Created for the Ballet de l'Opéra national du Rhin with dramaturge Ulrike Wörner von Faßmann, this production asks how the same relationships — a woman deceived, a man absolved, a community of women transformed by betrayal — might unfold when the characters are granted genuine agency over their outcomes. Not judging the original for belonging to its moment. Recognizing instead that performing these relationships in 2023 engages questions about power, consent, and representation whether consciously or not.

The feminist intervention extends into the score. Alongside Adam's familiar music, compositions by Louise Farrenc — a major nineteenth-century composer systematically erased from the canon — are woven into the musical fabric as structural presence, not decoration. A female compositional voice made integral to a ballet whose original musical world was built by and for the same institutional system that, as historian Marian Smith documents, treated its dancers as a secondary economy at the time. Farrenc isn't just added to the score. She becomes an inherent part of its essence.

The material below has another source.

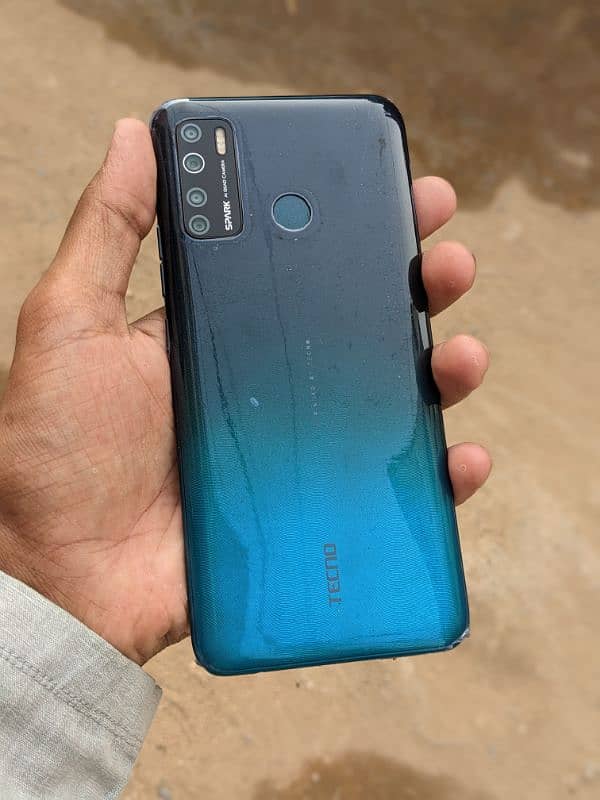 Tecno Spark 5 Pro 0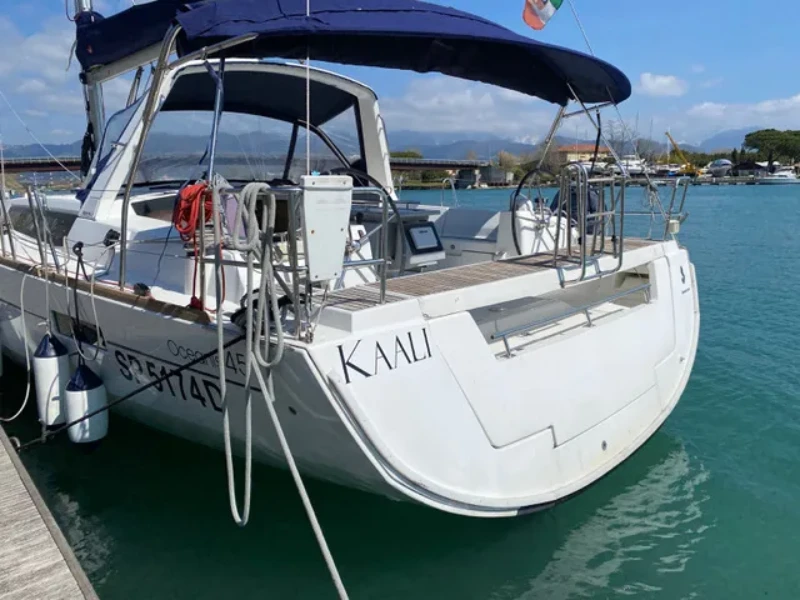Oceanis 45 Kaali boat image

The choreographic questions that guided this work — whether Giselle might find strength without seeking death, whether Albrecht earns the absolution the original grants him, whether Bathilde might refuse her conciliation — were not answered in advance. The answers emerged through movement, through what the bodies found when the libretto no longer decided for them.